GFS Canada's Albion Fisheries Making Sustainable Strides

VANCOUVER (August 10, 2011)—Albion Fisheries Ltd., Western Canada's largest seafood distributor, recently told the Vancouver Sun they plan to remove several more groups of seafood not certified as being harvested sustainably from their product list—worth $250,000 in annual sales.

"It's significant, a sizable chunk of our business," Guy Dean, vice-president of Albion Fisheries, said in a recent statement. "It's our intent to continually wean our customers off non-sustainable items and to find alternatives for them."

Albion has already made sustainability-friendly steps forward with the removal of Chilean seabass, shark and bluefin tuna from their offerings.

Founded 48 years ago, the company owned by Gordon Food Service Canada sells about 50 percent of its seafood to retailers and 50 percent to food service outlets. It is committed to "constantly challenge" its product line and to work to convince its customers to move toward sustainable seafood products, said Dean.

The company says it will no longer carry skates and rays, Atlantic halibut, Greenland halibut and turbot, New Zealand hoki, orange roughy, monkfish and hake unless they come from fisheries that are both traceable and certified as sustainable by the London-based Marine Stewardship Council (MSC).

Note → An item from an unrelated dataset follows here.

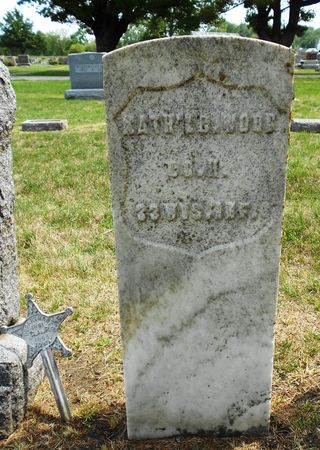 WOOD, NATHANIEL C - Calhoun County, Iowa | NATHANIEL C WOOD 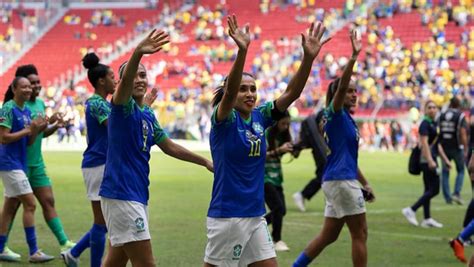 Brasil X Panamá Pela Copa Do Mundo Feminina Veja Escalações E Onde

While Albion removed Chilean sea bass from its product list in 2005, a handful of fisheries for the species have since become MSC-certified.

The company continues to sell tropical prawns and shrimp on the red list; it has sourced some prawns out of Alabama in a closed, inland pond water system.

In deciding to phase out certain products, Albion relied on Greenpeace Canada's red list of unsustainable seafood. The company did not work directly with the environmental organization, whose efforts to-date have largely been focused on retail.